Skyscrapers in the City of London
Skyscrapers in the City of London Photograph: Tolga Akmen/AFP/Getty Images

FTSE suffers worst month since October 2018

And finally, Britain’s stock market has just posted its worth month in almost a year.

The FTSE 100 has closed 22 points higher at 7207. That means the blue-chip index has lost 5% in August, following heavy losses earlier in the month.

That’s the worst monthly performance since October 2018, when the FTSE (by my maths) shed 5.08%. It’s very nearly the worst month in four years (going back to August 2015, when it lost 6.7%).

On that note, goodnight and have a great weekend.
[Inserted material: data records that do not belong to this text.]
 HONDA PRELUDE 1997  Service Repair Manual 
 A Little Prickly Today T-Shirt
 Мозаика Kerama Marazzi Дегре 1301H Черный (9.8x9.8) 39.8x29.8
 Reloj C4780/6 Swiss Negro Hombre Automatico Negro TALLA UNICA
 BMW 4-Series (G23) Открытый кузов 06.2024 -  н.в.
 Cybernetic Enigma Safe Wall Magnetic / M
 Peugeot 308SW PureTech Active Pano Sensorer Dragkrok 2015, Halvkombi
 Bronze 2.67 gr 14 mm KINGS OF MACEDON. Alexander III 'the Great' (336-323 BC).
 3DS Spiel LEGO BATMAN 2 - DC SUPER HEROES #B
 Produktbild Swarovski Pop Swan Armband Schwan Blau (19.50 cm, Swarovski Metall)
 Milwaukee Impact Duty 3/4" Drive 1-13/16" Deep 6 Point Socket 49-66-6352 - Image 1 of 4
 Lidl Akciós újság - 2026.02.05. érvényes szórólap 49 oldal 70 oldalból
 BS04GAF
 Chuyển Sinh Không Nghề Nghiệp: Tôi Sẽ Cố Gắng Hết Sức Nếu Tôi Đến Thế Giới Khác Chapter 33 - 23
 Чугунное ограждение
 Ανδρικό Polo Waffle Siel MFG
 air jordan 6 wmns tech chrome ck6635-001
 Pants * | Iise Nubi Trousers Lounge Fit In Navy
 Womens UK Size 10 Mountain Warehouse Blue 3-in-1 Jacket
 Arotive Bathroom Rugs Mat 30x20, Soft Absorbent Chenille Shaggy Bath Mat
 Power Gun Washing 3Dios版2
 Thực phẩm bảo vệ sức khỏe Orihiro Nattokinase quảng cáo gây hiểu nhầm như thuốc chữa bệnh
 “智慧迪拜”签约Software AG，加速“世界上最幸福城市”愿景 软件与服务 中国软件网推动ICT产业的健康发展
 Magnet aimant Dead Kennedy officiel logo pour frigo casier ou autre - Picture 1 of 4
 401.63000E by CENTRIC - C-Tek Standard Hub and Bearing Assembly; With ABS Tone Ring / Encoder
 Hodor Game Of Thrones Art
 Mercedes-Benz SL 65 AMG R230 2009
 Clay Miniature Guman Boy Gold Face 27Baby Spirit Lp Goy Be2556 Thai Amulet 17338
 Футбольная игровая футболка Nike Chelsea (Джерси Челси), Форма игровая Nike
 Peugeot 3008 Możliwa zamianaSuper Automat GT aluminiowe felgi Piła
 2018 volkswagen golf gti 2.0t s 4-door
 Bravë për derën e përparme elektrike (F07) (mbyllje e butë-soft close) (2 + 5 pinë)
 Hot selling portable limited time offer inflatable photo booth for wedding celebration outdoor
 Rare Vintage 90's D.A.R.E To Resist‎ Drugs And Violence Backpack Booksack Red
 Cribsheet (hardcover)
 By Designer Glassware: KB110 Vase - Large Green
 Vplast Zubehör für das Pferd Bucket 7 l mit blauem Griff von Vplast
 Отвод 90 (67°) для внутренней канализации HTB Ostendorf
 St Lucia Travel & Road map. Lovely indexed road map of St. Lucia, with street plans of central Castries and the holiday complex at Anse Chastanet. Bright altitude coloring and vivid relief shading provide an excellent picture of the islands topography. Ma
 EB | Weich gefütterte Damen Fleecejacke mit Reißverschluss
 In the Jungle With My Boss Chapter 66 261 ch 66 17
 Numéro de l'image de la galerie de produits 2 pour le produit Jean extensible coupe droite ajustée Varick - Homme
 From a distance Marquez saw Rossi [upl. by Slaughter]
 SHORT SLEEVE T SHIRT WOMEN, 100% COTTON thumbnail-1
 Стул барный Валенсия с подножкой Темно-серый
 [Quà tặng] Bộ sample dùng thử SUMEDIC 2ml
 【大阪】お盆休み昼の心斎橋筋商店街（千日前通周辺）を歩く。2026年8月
GW

Updated

Newsflash: The euro has just hit its lowest level in over two years.

The single currency has dropped through $1.1 against the US dollar for the first time since May 2017.

I can’t immediately see a single cause, but traders and investors are expecting fresh action from the European Central Bank to stimulate growth soon (especially with inflation remaining at just 1% in August, as we learned earlier).

This will not please Donald Trump, who has been bashing the Federal Reserve again today for not cutting interest rates hard.

Updated

I just spoke with Ruth Gregory, senior UK economist at Capital Economics, about the second-quarter growth figures.

She points out that the UK economy was hit by certain one-off factors in the second quarter of 2019. For example:

  • Brexit stockpiling boosted the economy at the start of the year, explaining why GDP rose by 0.5% in Q1.
  • Car plants shut down in April, in case of a no-deal Brexit, rather than in the summer

So while GDP fell by 0.2%, underlying growth was probably +0.2% [and underlying growth in Q1 was probably weaker].

She predicts that the UK economy will return to growth in the current quarter -- partly because of a second burst of stockpiling by companies worried about disruption after Brexit.

But if it’s a no-deal Brexit, Gregory fears the economy will contract in the fourth quarter of 2019 and the first quarter of 2020, putting Britain into a full-blown recession.

Updated

Although Canada’s economy beat forecasts in the last quarter, some analysts are concerned that domestic demand weakened (although the surge in exports made up for it).

The New York stock market has opened higher, following Europe’s lead.

The Dow Jones industrial average has gained 114 points, or 0.4%, on optimism that the US and China might make some progress in their ongoing trade dispute.

Traders are feeling more bullish after Beijing said yesterday it wouldn’t immediately retaliate to the latest US tariffs, on 15% of over $100bn of imports, which kick in on Sunday.

Britain’s growth rate looks less disastrous if you take a longer-term view, though.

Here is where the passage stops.